Part of the "The Return of the EDFH" series (link)

The EDFH is defeated once again

In the first post in this series, we came up with some properties that could be used to test a run-length encoding implementation:

  • The output must contain all the characters from the input, in the same order
  • Two adjacent characters in the output cannot be the same
  • The sum of the run lengths in the output must equal the total length of the input
  • If the input is reversed, the output must also be reversed

In the previous post, we tested various RLE implementations created by the Enterprise Developer From Hell and were happy that they all failed.

But are these four properties enough to correctly check a RLE implementation? Can the EDFH create a implementation that would satisfy these properties and yet be wrong?

The answer is yes! The EDFH can take the output of a correct implementation and then add some extra characters to the beginning and end of the list to corrupt the answer. Exactly what things to add are constrained by the properties above:

  • The “two adjacent characters” property means that the new prefix has to be different from the first character.
  • But the “all the characters in the same order” property means that the EDFH can’t just add a different character because that would break the “in same order”. The workaround is that the EDFH adds a duplicate of the first two characters!
  • The “sum of the run lengths” property means that the run-lengths for the new prefix must steal a count from subsequent runs. If we didn’t steal a count, and used 0 as a run-length for these new elements, then that would actually be an acceptable RLE – not corrupt at all!
  • And finally, the “reversed” property means the both the front and the rear of the list must be modified in the same way. To avoid corrupting the same elements twice, we require the list to have at least four elements.

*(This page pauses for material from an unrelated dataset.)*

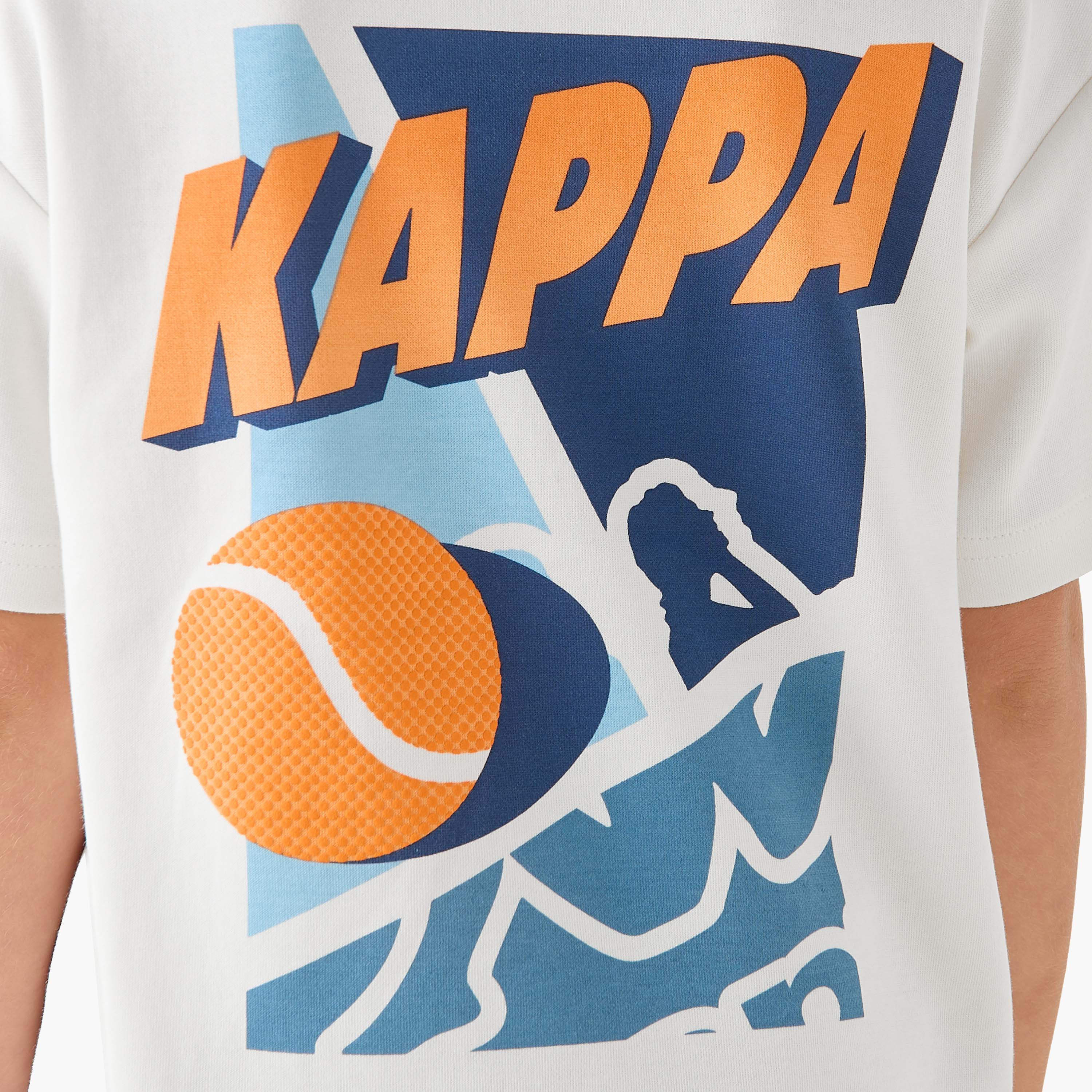 تيشيرت بطبعات جرافيك وياقة مستديرة وأكمام قصيرة من كابا-boys-clothing-sportswear-tops-image-1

Putting all those requirements together, we can come up with this implementation, where rle_recursive is the correct RLE implementation from the previous post.

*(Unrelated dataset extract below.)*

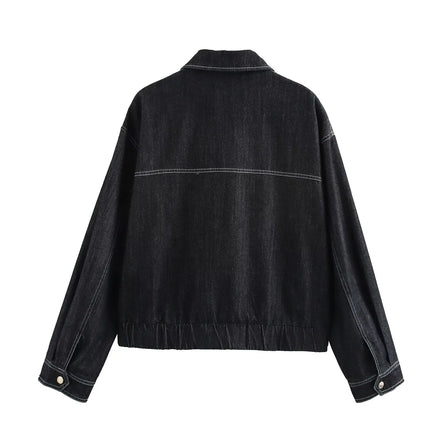 2025 new women's clothing European and American style French fashion versatile denim effect jacket long sleeve coat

/// An incorrect implementation that satisfies all the properties
let rle_corrupted (inputStr:string) : (char*int) list =

  // helper
  let duplicateFirstTwoChars list =
    match list with
    | (ch1,n)::(ch2,m)::e3::e4::tail when n > 1 && m > 1 ->
      (ch1,1)::(ch2,1)::(ch1,n-1)::(ch2,m-1)::e3::e4::tail
    | _ ->
      list

  // start with correct output...
  let output = rle_recursive inputStr

  // ...and then corrupt it by
  // adding extra chars front and back
  output
  |> duplicateFirstTwoChars
  |> List.rev
  |> duplicateFirstTwoChars
  |> List.rev

Note that we only corrupt lists where:

  • The run-lengths for the first two runs are > 1, so we can steal 1.
  • There are at least four elements in the list, so that we can reverse and re-corrupt the other end. If you remove the match on ::e3::e4::, the implementation will fail the “reversed” property.

When we run our checker, then, we’ll want to increase the number of tests, because only a few of the inputs will meet the requirements for being corrupted and we want to make sure that we catch them.

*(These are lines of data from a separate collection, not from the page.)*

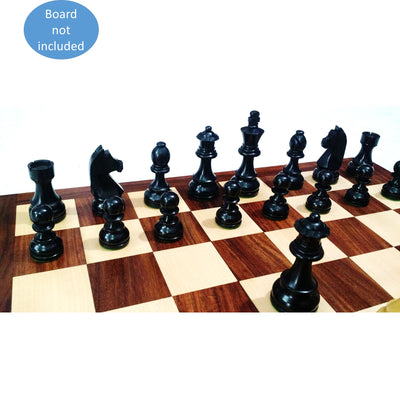 Slightly imperfect 3.9" Tournament Chess Pieces Only set in Ebonised Weighted Wood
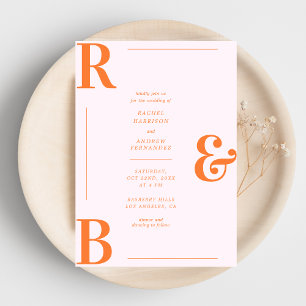 Stylish Pink and Orange Monogram QR Code Wedding Invitation
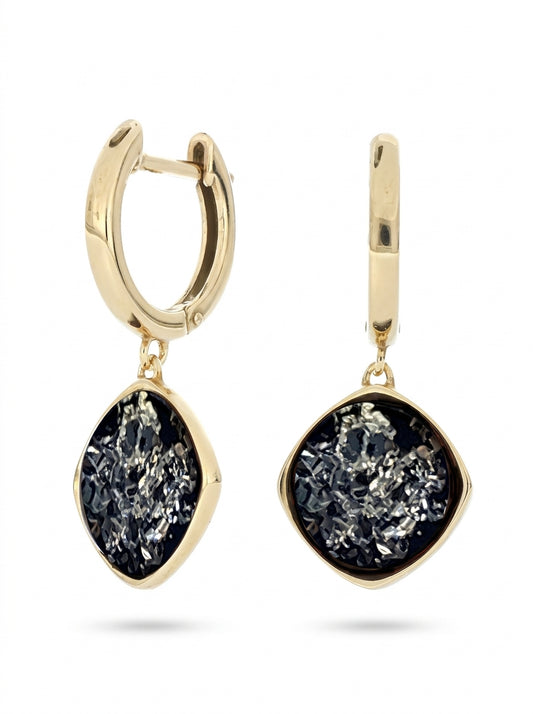 Round Green Amber Silver Earrings — DARVIN (Pre-Order)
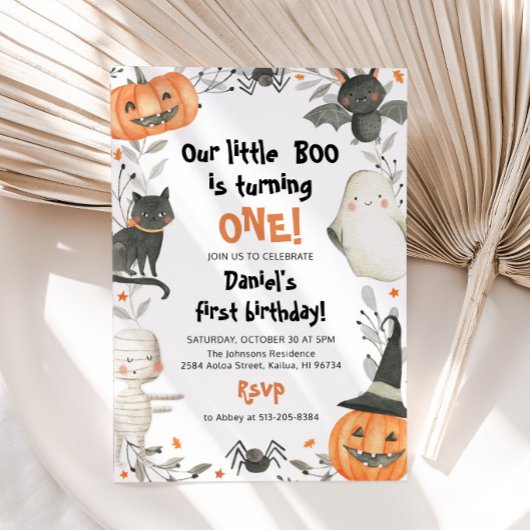 Invitation Halloween Notre Petit Boo Anniversaire Fête Invita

Ok, let’s check this new EDFH implementation against the compound property propRle that we defined last time. As before, we will use a custom generator arbPixels to generate strings that have lots of runs in them.

let prop = Prop.forAll arbPixels (propRle rle_corrupted)

// check it thoroughly
let config = { Config.Default with MaxTest=10000}
Check.One(config,prop)
// Ok, passed 10000 tests.

And it passed. Oh dear! How are we going to defeat the EDFH now?

In an earlier post, I described a number of approaches that could be used to come up with properties. We already used one of them (“some things never change”) to require an invariant, namely that every character in the source string also occurs in the RLE. We will use two more of them in this post:

  • “Different paths, same destination”
  • “There and back again”

Testing with the structure-preserving property

For our first approach, we will use a variant of the “commutative diagram” approach.

In this case we’re going exploit the fact that run-length encoding is a “structure-preserving” operation. What that means is that operations in “string world” are preserved after being transformed onto “RLE world”.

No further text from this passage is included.